Español 6
Sr. Maldonado
Lee cuidadosamente la siguiente historia:
Memorias de un viaje
Una gran emoción sobrecogió a Esteban mientras el avión volaba sobre Ciudad México. Él y su familia fueron de vacaciones a México. Se sintió muy excitado al pensar en los misterios que escondía aquel mundo desconocido. El corazón se le alborozó ante la cercanía de la gran aventura que se iniciaba. Sintió que el corazón le saltaba de alegría. Había leído mucho y deseaba conocer las bellezas, las costumbres y las tradiciones de ese hermoso país.
El avión comenzó a descender de entre las algodonadas nubes. Esteban pudo apreciar la ciudad. Desde la altura se veía enorme. No se distinguían montañas, bosques o claros que rompieran la monotonía del panorama. Millares de edificios se apretaban unos contra otros. Un sinnúmero de calles y de avenidas marcaban toda la urbe.
Después de recoger el equipaje, se trasladaron a la Zona Roja. Este esplendoroso lugar se caracteriza por sus tiendas lujosas, las actividades nocturnas y sobre todo, la gran cantidad de turistas que la frecuentan. Desde la ventana del hotel, Esteban pudo disfrutar de un hermoso paisaje. Frente a él estaba la majestuosa estatua de El Ángel de la Independencia. Abajo, en la calle, bullía la gente. El tibio Sol le invitaba a dar un paseo. ¡Todo era fascinante! Las aceras estaban repletas de personas. Unos compraban mientras otros, vendían sus mercancías.
Los viajeros salieron a recorrer las calles y a descubrir los secretos de la ciudad. Rápidamente, los ojos de Esteban se deslizaron hacia un grupo de personas que estaba a lo largo de la avenida. Esteban se quedó extasiado mirando el cuadro de luces que configuraban. Sus ropas estaban llenas de colores brillantes. Algunas madres cargaban a sus hijos en unos sacos que llevaban en la espalda. Otras madres, los acostaban a un lado de la acera. Eran indígenas que vendían sus artesanías. Ellos vendían: manteles, estolas, tapices, tapetes, muñecas y muchas otras manualidades. Cada uno de esos trabajos mostraba las formas de vida y las creencias de sus antepasados. Esteban cerró los ojos y se transportó en el tiempo.

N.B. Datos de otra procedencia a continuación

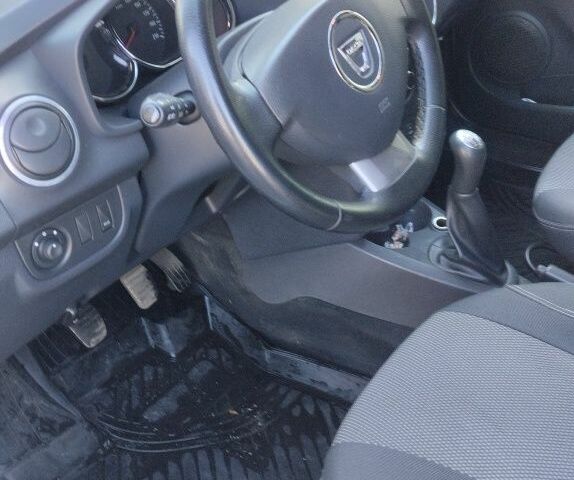 Белый Дачия Логан, объемом двигателя 1.5 л и пробегом 127 тыс. км за 7200 $, фото 4 на Automoto.ua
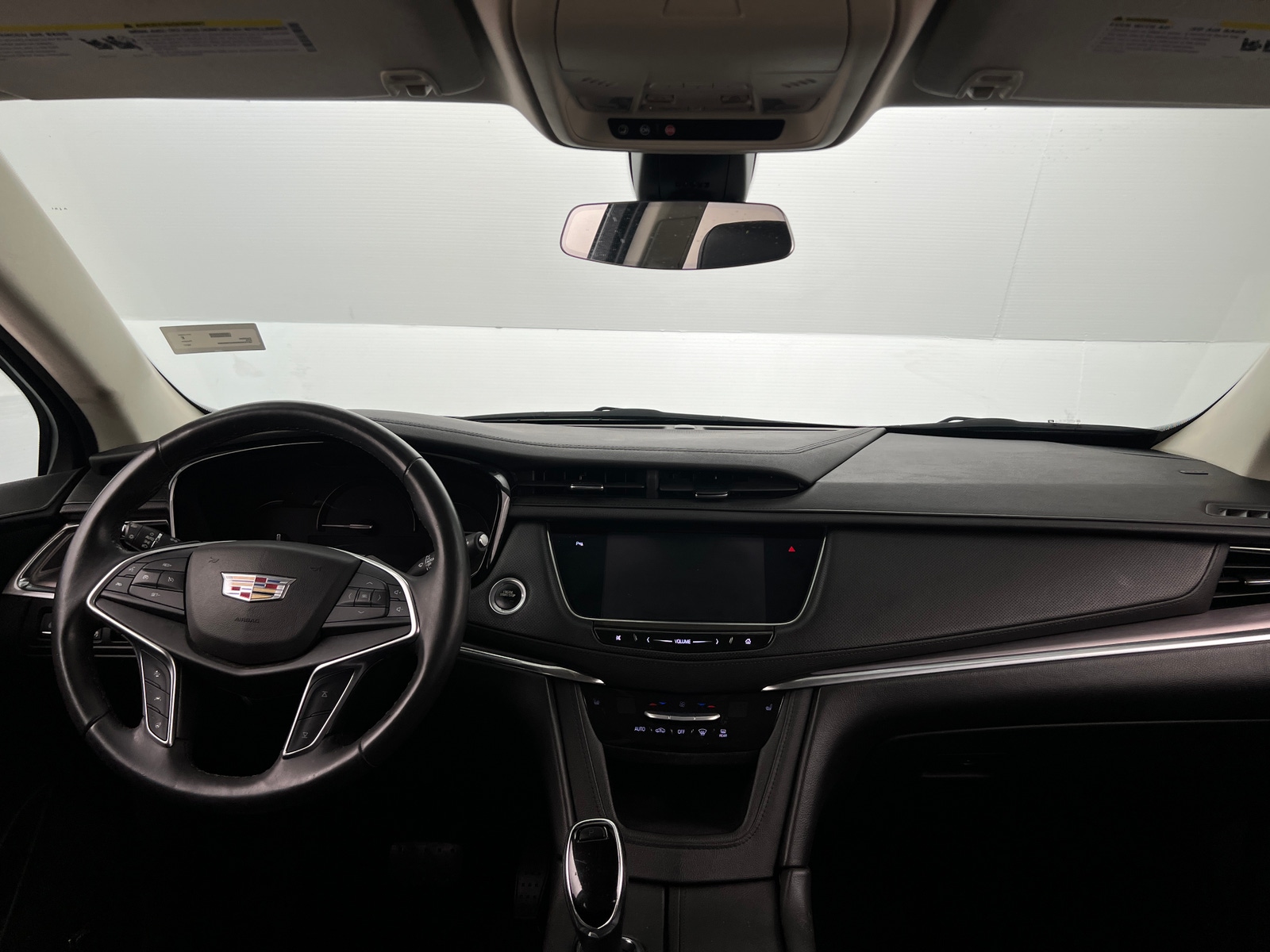 Thumbnail: 2017 Cadillac XT5 - 2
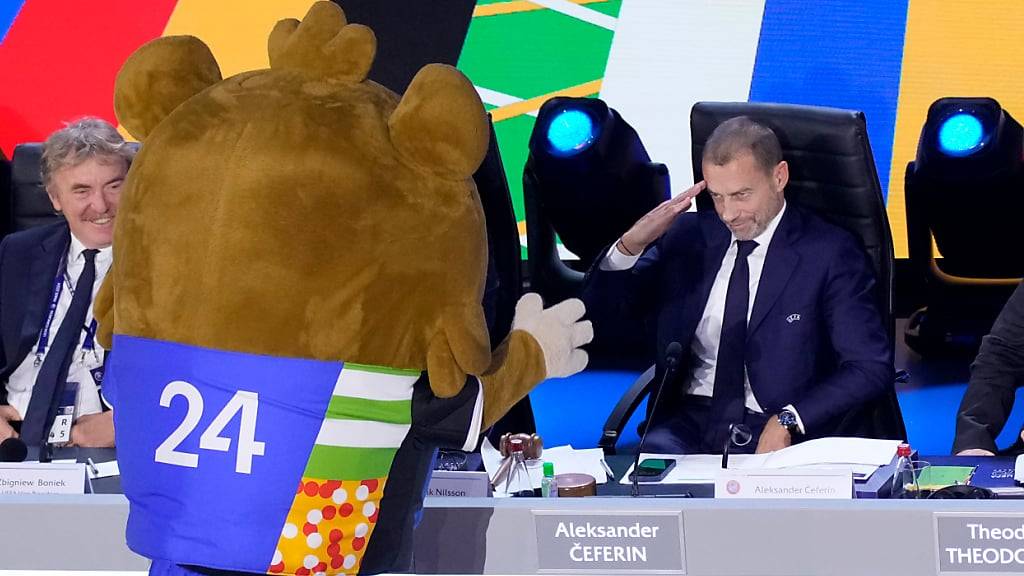 UEFA-Präsident Aleksander Ceferin zusammen mit Maskottchen Albärt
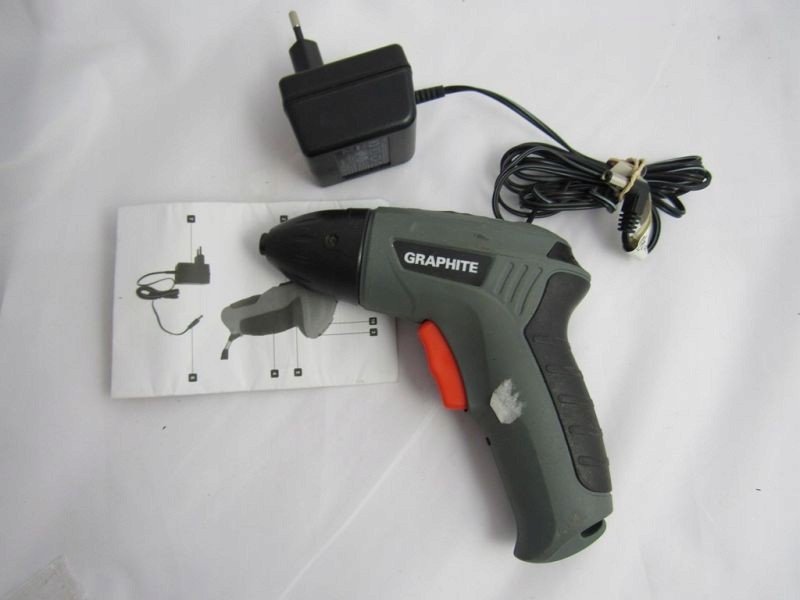 WKRĘTAK AKUMULATOROWY GRAPHITE 58G149 + ŁADOWARKA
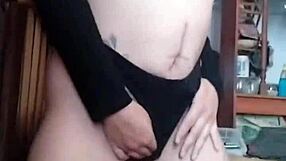 Carzuva Dances And Masturbates With Toys On Webcam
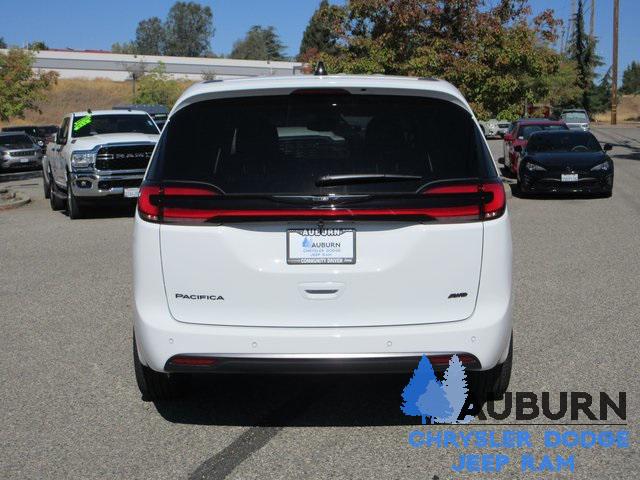 2026 Chrysler Pacifica PACIFICA SELECT AWD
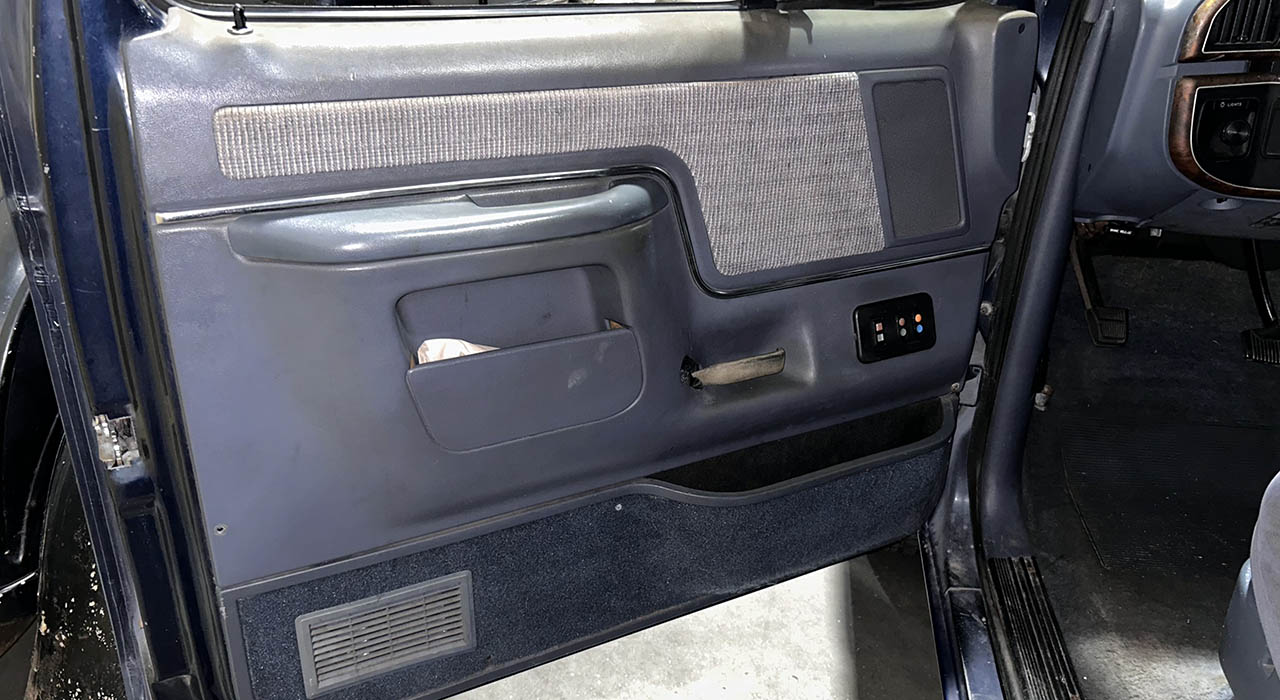 9th Image of a 1990 FORD BRONCO XLT
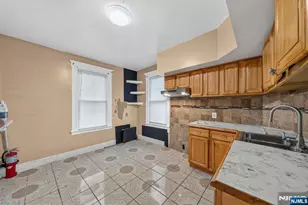 760-762 Parker St, Newark, NJ 07104 - Photo 29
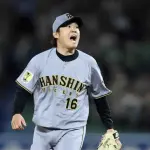 阪神・西勇　史上３人目３００戦連続先発　３６歳誕生日の伏見と花添えた　完封星チーム９度目で１２球団最多
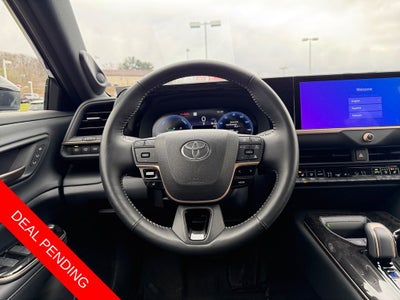 2025 Toyota Crown Signia Limited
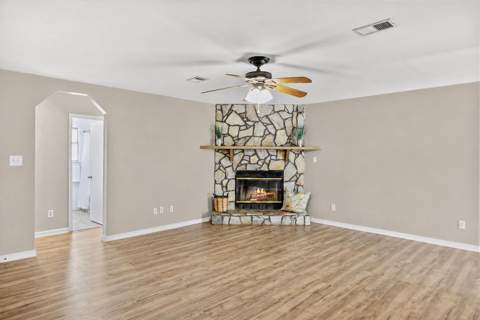 479 Cascabellas Street, Mary Esther FL - photo 6 of 27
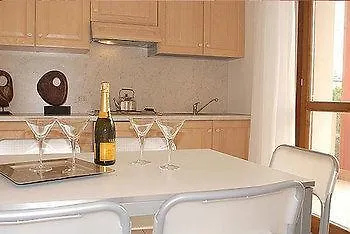 Ferretti Garda Palace Aparthotel 4*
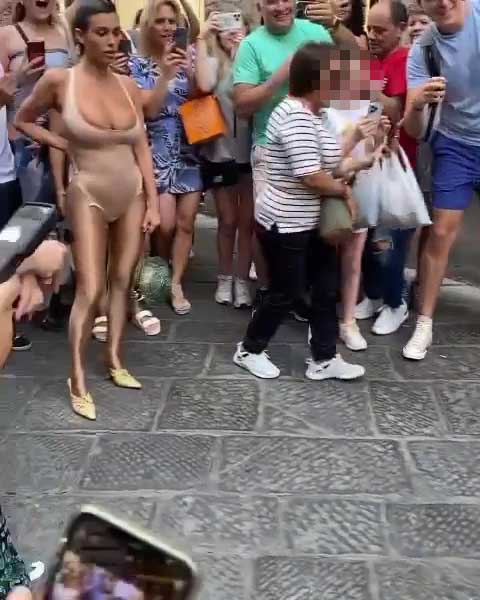 Kanye West y Bianca Censori en Florencia: multitud de curiosos por los looks atrevidos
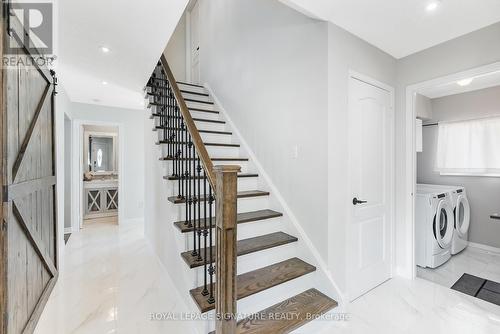 7394 Cloverleaf Court, Mississauga, ON - Indoor Photo Showing Laundry Room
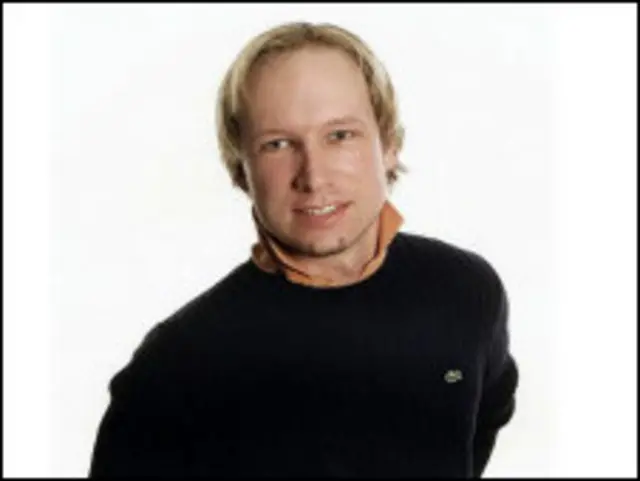 بریوک نے حملوں کا اعتراف کیا تاہم انہوں نے دہشت گردی کے الزام کو تسلیم کرنے سے انکار کیا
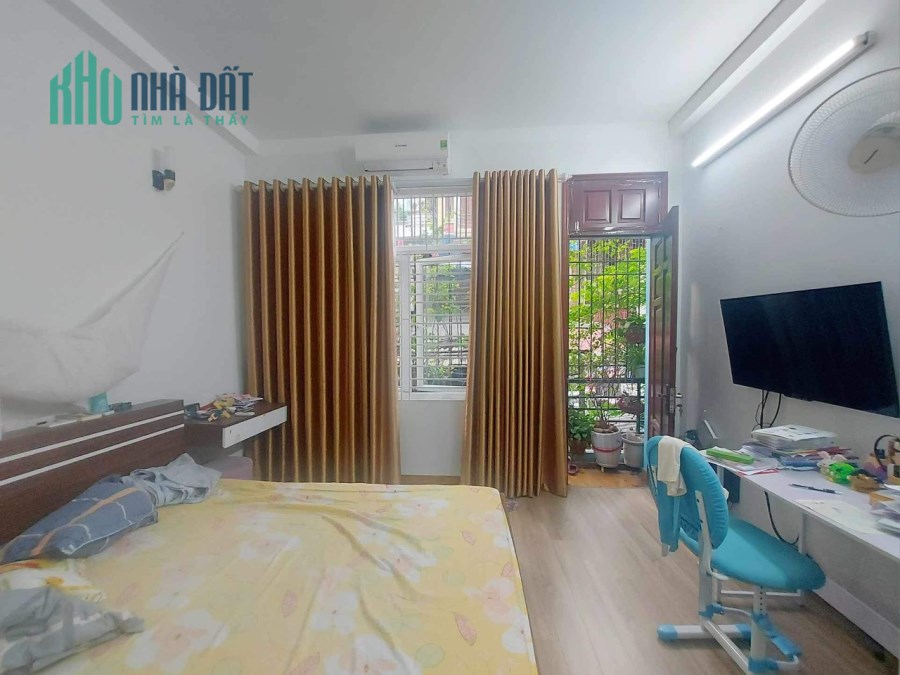 HOÀNG NGÂN - NHÀ ĐẸP - NGÕ NÔNG -30M RA MẶT PHỐ - DT 46M ,MT 4 M -GIÁ NHỈNH 6 TỶ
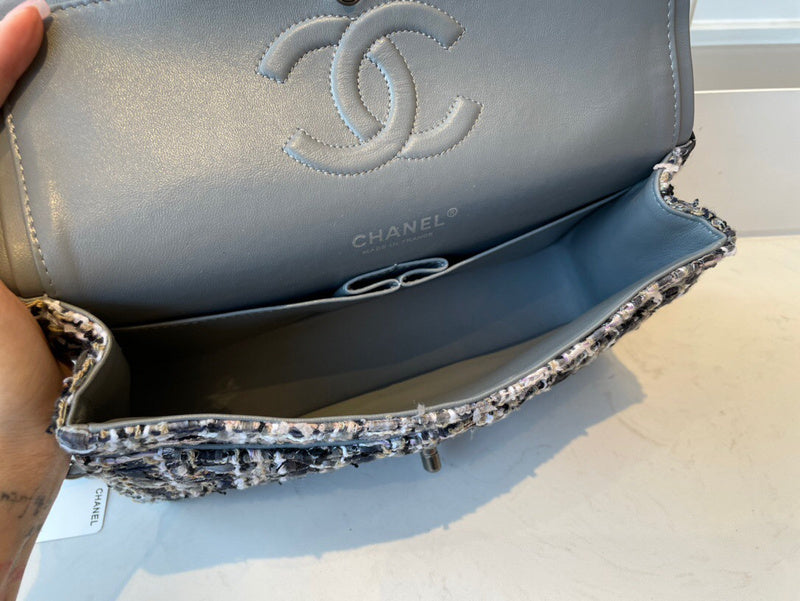 Dragons Bags Detail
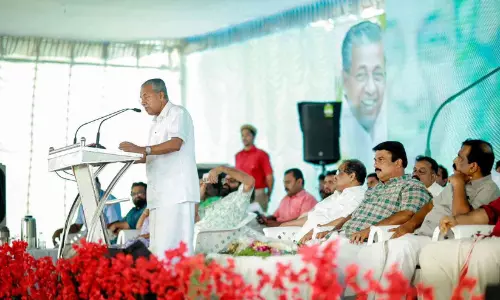 കേന്ദ്രത്തിൽ ബി.ജെ.പി നടത്തുന്ന വർഗീയ പ്രീണന നയമാണ് കേരളത്തിൽ യു.ഡി.എഫ് പിന്തുടരുന്നത് -പിണറായി വിജയൻ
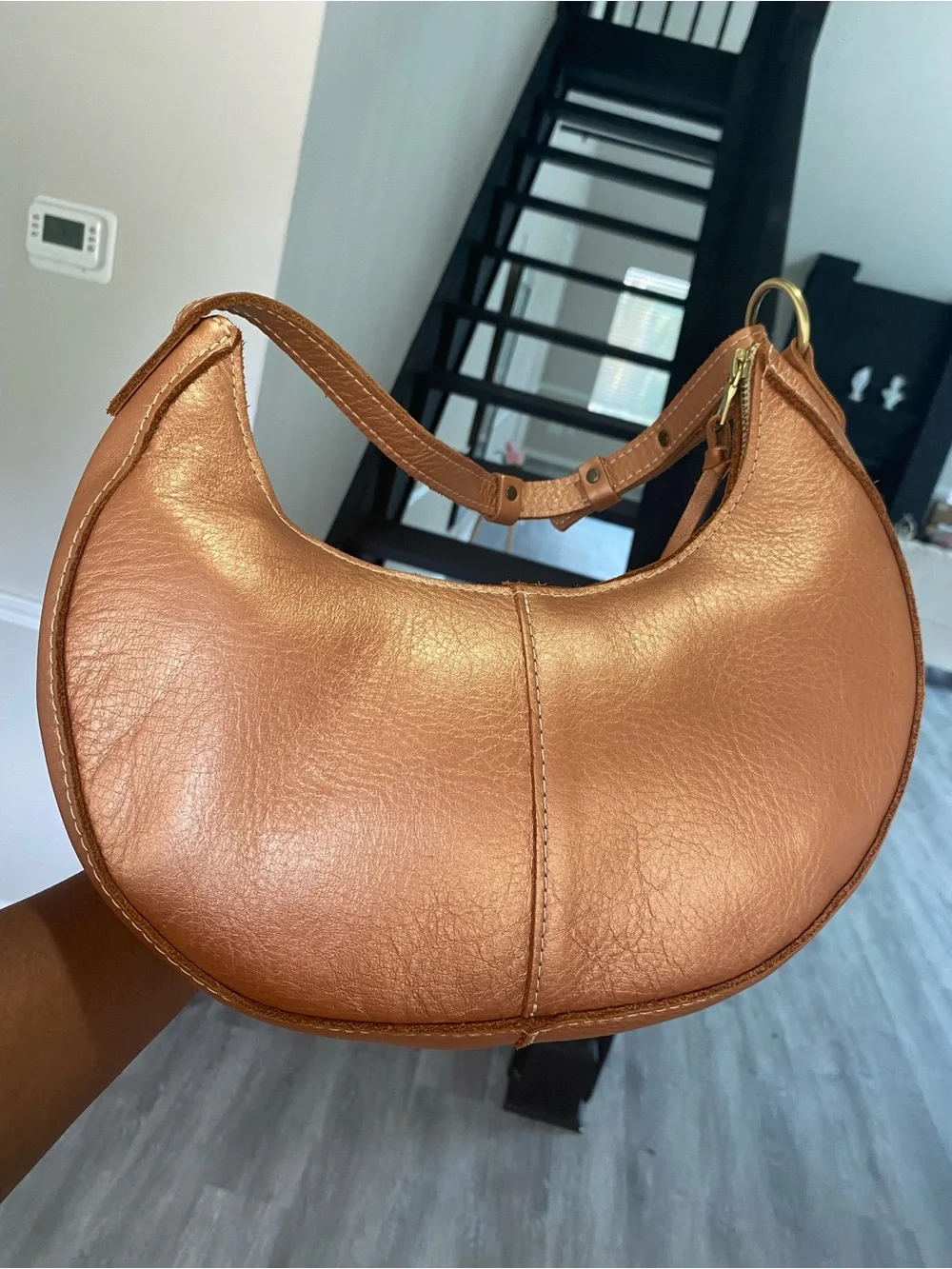 EUC Portland Leather Nora Shoulder Bag Hava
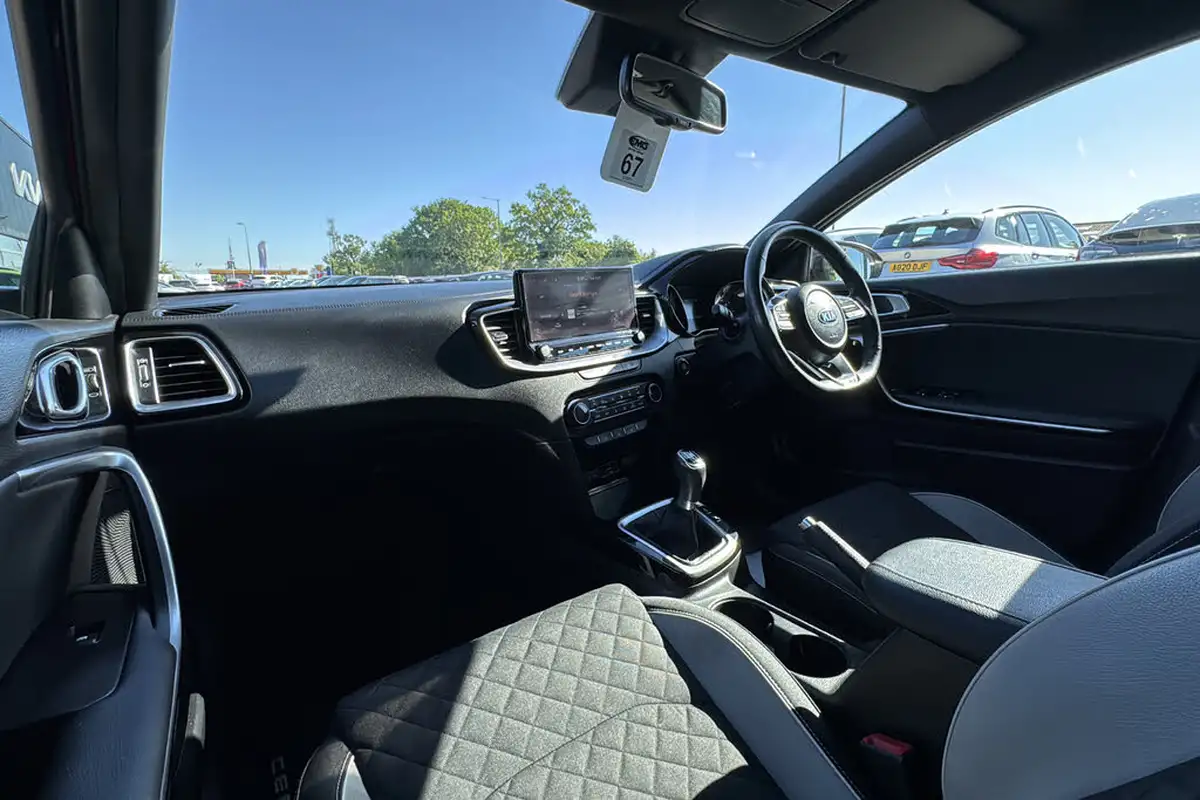 2021-kia-ceed-15-t-gdi-gt-line-big-9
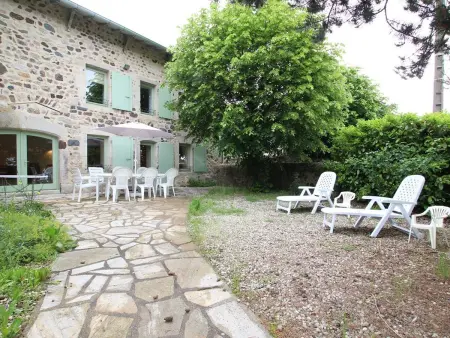 Gite familial 7 personnes avec cour de 600 m² : photo 13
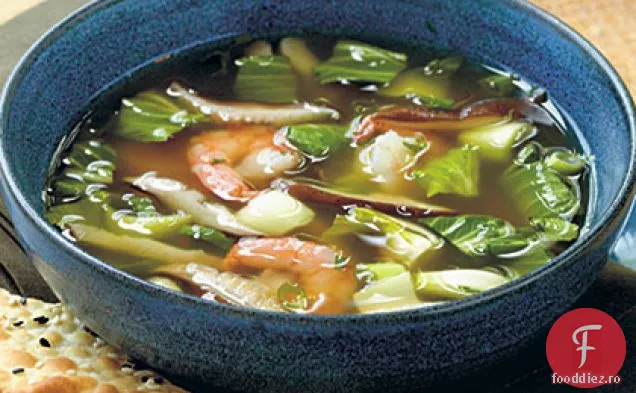 Supă orientală cu ciuperci, Bok Choy și creveți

De pronto, volvió a la realidad al ver a una niñita indígena. Estaba muy callada e indefensa. Su rostro tierno se veía cansado. Su traje estaba raído. Daba la impresión de ser muy pobre. La pequeña se levantó pausadamente y miró hacia todos lados. Anduvo lentamente hasta una tienda de comestibles. Acercó su carita trigueña a la vitrina y se quedó contemplando embelesadas los ricos manjares.
Las cintas multicolores de sus trenzas de azabache se reflejaban en el cristal que la separaba de los dulces. Su naricita se aplastaba contra el frío vidrio y el mundo que contemplaba le despertaba ansias de soñar. Sabía que todo lo que veía era inalcanzable, pero era gratísimo imaginar lo contrario.
Dentro de la tienda había niños vestidos con ropas finas y pulcras. Esos niños pertenecían a un mundo distinto al de la indiecita. A uno de esos pequeñines le llamó la atención aquella indiecita quieta, sucia y cansada recostada contra la vitrina. Por un momento, dejó de mirarla y sus ojos buscaron un delicioso antojo. Sus padres gustosamente le compraron el manjar. La indiecita se mantuvo inmóvil con su naricita aplastada contra el cristal observando al pequeño. El niño salió de la tienda y se acercó a la indiecita. La miró dulcemente, y con una tierna sonrisa la invitó a compartir la sabrosa golosina. La niña se mostró asombrada, pero aceptó la invitación sonriendo tímidamente. Las miradas, las sonrisas y las almas pura de los dos niños despertaron en Esteban la esperanza de un mundo mejor.
Después de transcurrir varias horas, el joven regresó al hotel. Su excitación inicial había disminuido. Una agradable sensación de optimismo y esperanza bullía en lo profundo de su alma.